I understand that there is a necessary, although perhaps somewhat limiting policy of requiring a standard nvidia-bug-report in advance of any attempt to provide assistance from nvidias side which I can provide when I have access to the machine again. However, here is a description of the symptons and the machine, as an initial step. I will provide a bug report as well.
The machine has dual 252 (single core) opterons on a Tyan S2895 (aka K8WE) board with fully populated RAM (16GB) and BIOS v1.04 from 12/06. The power supply is a Silverstone ST-65ZF 650W. Tyan published BIOS 1.05 this month but I hesitate to use that because of serious problem reports. I upgraded from a single 6800GT to now dual 7900GSes. The 6800GT was rock stable, using BIOS 1.01T, and the 1.0.8776 driver. The second 7900GS required an upgrade of the BIOS to be recognized properly, and is connected to the first via a SLI bridge. The upgrade is mostly a test to check the viability of using high end Quadros in SLI for our work group.
I run Gentoo 2.6.20-r8 in 64bit, and now one of the latest nvidia drivers, 100.14.09. Enabling SLI via the xorg.conf option line in any of the SLI modes seems to work as reported by Xorg.0.log and nvidia-settings. The problem appears at times when a new opengl rendered window is displayed, seemingly at random instances. Then CPU usage of X goes to 100% quickly and X becomes completely unresponsive, to the point of not responding to keyboard events. The system keeps running and I can log in remotely. Killing the X server and the opengl application does not reenable the display or keyboard, the only recourse is to shutdown. Init works most the time if issued within minutes after the incident, so I can often safely shutdown.
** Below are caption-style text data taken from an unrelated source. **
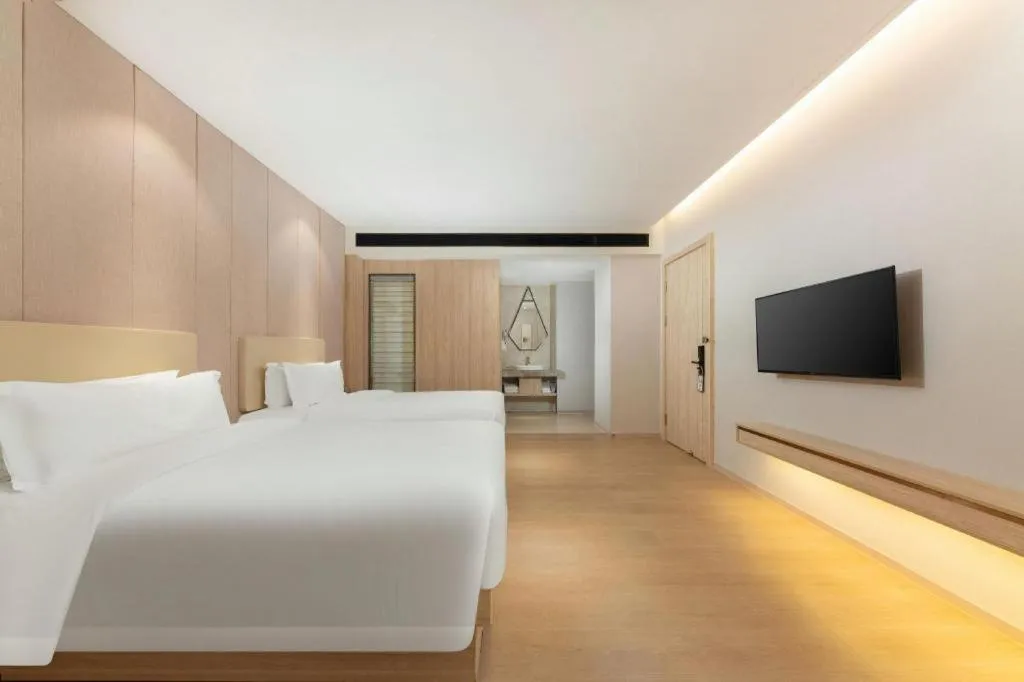 Bed in GreenTree Eastern Hotel Shenzhen Nanshan District Qianhai Free Trade Zone Lilin Metro Station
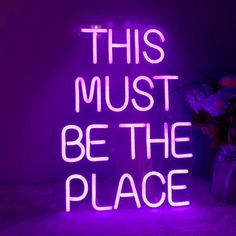 a neon sign that says, this must be the place in front of a vase with flowers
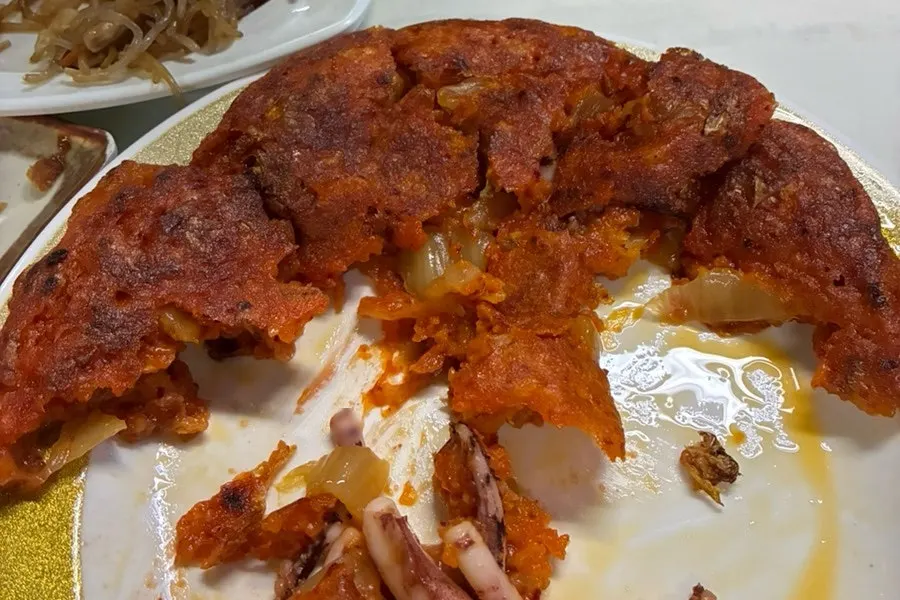 Plate of kimchi jeon with a piece removed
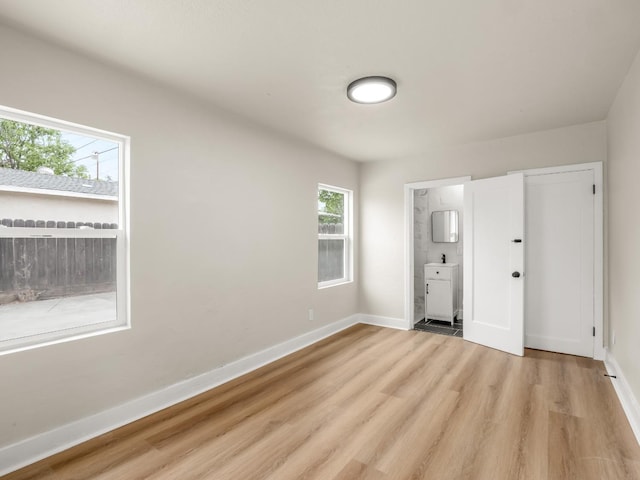 unfurnished bedroom featuring baseboards, light wood-style flooring, and connected bathroom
In Auto or AFR SLI mode, this happens often enough to make the system not useful. Sofar it happened at a 100% rate if the SLI mode is set to SFR.
dmesg does not have a "PCI: Using MMCONFIG" line, so no problem in respect, I gather.
In the Xorg.0.log I once observed lines beginning
(WW) NVIDIA(0): WAIT ...
at the time of the incident. But in most cases there are no messages in this log or in the kernel log at the time of the freeze.
Some other problem required me to use the kernel command line option noexec=off. http://gentoo-wiki.com/HOWTO_nVidia_...or_OpenGL_apps
recommends to enable a noexecute bit in the BIOS because it interferes with the nvidia driver. Is that correct, or a possible remedy ?
As I did not observe any SLI performance increase, when it works, with the opengl apps I use, we may end up not using a dual setup, in any case. A single 7900GS works fine and provides a tiny bit of a performance increase, felt 10%, vs. the 6800GT. Stability is much more important than SLI. We may be able to test a Quadro as well in the near future.
I am grateful for comments or tips, kernel, bios or driver related, anybody may have.